- Genres: Rock
- Years active: 1991–1992
- Labels: Verve, Atlantic
- Past members: Kenney Jones Paul Rodgers Pino Palladino Jim Barber John Staehely John Young

= The Law (English band) =

English rock band

The Law were an English rock group formed in 1991 by singer Paul Rodgers (ex-Free, Bad Company and The Firm) and drummer Kenney Jones (ex-Small Faces/Faces and The Who). They intended to use different supporting musicians, to allow Rodgers to pursue whatever style he wished. They assembled a core band of studio musicians, consisting of Jim Barber (whose credits include The Rolling Stones, Ruby Turner and Mick Jagger's solo album Primitive Cool) as the main guitarist, second guitarist John Staehely (ex-Spirit and Jo Jo Gunne) and bassist Pino Palladino (formerly of Paul Young's and Jools Holland's bands), with guest spots by guitarists such as David Gilmour, Bryan Adams and Chris Rea.

The band produced the Billboard number 2 AOR Chart hit "Laying Down the Law", written by Rodgers, but the group's only album peaked at number 126 on the Billboard 200 chart. An album of outtakes from the first album has been released as a bootleg, often referred to as The Law II.

The Law – joined by John Young on keyboards – played just one show: at Milton Keynes Bowl, supporting ZZ Top and Bryan Adams. "That was completely barmy," reflected Rodgers. "Kenney and I… couldn't wait to get on the road, but it never happened. I sat waiting for the phone to ring. We even had to twist arms just to get that show – much to the chagrin of some of the other bands that day."

==Discography==
===Albums===

List of albums, with selected chart positions
| Title | Year | Peak chart positions |  |  |
| US | UK | CAN |
| The Law | 1991 | 126 | 61 | 53 |

===Singles===

List of singles, with selected chart positions
| Title | Year | Peak chart positions |  | Album |
| US Main. | CAN |
| "Laying Down the Law" | 1991 | 2 | 68 | The Law |
| "Miss You in a Heartbeat" | 38 | 90 |

==Unreleased album (The Law II)==
- "Too Much Is Not Enough" (Joe Lynn Turner/Bob Held/Al Greenwood)
- "Wanna Make Love to You" (Jerry Lynn Williams)
- "Message of Love"
- "Hold On"
- "Alibi" (Jerry Lynn Williams)
- "Loaded Dice"
- "Check Mate"
- "Strictly Off the Record"
- "Laying Down the Law" (rough version; Paul Rodgers)
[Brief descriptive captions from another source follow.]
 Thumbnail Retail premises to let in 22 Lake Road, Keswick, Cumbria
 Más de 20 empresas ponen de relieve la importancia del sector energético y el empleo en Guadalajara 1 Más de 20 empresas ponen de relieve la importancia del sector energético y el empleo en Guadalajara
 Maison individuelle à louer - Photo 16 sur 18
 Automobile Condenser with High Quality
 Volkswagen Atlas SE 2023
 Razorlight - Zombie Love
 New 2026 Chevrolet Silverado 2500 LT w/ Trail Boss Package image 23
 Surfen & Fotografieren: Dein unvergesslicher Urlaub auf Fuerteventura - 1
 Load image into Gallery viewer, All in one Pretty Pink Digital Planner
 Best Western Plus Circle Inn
These songs are left-overs from the released album sessions. Notably, both "Wanna Make Love to You" and "Alibi" were previously recorded by Eric Clapton (as "I Wanna Make Love to You", a 1986 B-side (released in 1988 on Crossroads, and "No Alibis", on his Journeyman album, respectively). Also, Too Much Is Not Enough was previously recorded by Joe Lynn Turner in the mid-eighties for the unreleased follow-up of Rescue You and he recorded it again with Deep Purple on their Slaves and Masters album. In 1998 he recorded it again on his solo album Hurry Up and Wait. The original version can be found on the Demos '88–91 bootleg.